3. The Internet Toilet
Alas! Microsoft had done it again; first it was the embarrassment snagged during the live launch of Windows 98, now some technological toilet for the bean fed people. What is it with the code programmers, they couldn’t leave out humble five minutes of our entire day without computers, you had to compute math’s and gross grammar on web while shitting waste, even the Pope would have constipated over a diet meal on this idea. They call it the “iLoo” yes, Apple did get jealous of the idea too but it was too late to implement. This thing supposedly worked while connected to the World Wide Web, so that all the waste would go the recycle bin and could never be restored. The media investigated this invention, but it was a major deception. A lie couldn’t get dirtier than this.
2. Samukeliso Sithole
Some men can’t resist looking at women and vice versa. Some men can’t resist to actually be a female, now that’s where it gets boring. One such dude known by the name of Samukeliso Sithole successfully went into Olympics as a female, he was successfull enough to be proven as a female lead, his chest, face, even his voice blended in.
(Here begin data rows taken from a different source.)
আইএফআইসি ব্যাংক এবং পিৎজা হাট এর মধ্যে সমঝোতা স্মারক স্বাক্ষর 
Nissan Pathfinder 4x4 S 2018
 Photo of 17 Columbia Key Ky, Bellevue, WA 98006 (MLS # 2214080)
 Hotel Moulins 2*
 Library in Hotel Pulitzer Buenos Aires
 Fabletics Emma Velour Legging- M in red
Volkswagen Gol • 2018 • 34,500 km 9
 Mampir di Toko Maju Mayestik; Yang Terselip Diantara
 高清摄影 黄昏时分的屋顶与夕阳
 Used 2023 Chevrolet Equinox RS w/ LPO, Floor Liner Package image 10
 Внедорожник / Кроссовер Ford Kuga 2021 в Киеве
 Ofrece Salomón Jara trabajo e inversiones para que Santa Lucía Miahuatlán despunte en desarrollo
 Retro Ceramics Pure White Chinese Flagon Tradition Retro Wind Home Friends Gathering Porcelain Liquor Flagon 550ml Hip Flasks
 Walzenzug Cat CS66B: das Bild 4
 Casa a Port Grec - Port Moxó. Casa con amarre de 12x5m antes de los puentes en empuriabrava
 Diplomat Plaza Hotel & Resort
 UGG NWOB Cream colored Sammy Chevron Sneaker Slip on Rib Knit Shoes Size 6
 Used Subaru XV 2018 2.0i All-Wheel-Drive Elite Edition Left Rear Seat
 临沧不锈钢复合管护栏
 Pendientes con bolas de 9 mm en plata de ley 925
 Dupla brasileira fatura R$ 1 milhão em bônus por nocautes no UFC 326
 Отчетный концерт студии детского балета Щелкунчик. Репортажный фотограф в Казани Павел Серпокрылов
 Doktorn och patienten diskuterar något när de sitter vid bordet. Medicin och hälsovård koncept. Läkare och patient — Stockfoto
Not later in the dressing room he was caught with his distinguishing organ stark naked protruding around his jockeys, by an actual female athlete, and was reported to the authorities. She was then questioned and her career was terminated. Where was the fun in all this?
1. Newton and the Apple
Most of us have believed that the apple was to blame for the famous Newton laws, but it’s not true. One day while taking a nap under a farm tree, the apple fell on his head; he rose, went home, did some scribbling and came out with a formula, BULLSHIT! In fact there was no apple, no tree, no Newton at that time. This is just a children’s faulty tale sort off hallucination, it just isn’t real. A big lie we have been hearing since our school days. Why on earth would he have derived the law from the encounter with this particular apple, leaves fall to the ground as well, a volatile puke flows downwards as well, and you never piss UPWARDS, do YOU? Pathetic attempt at humor, whoever stated this apple story?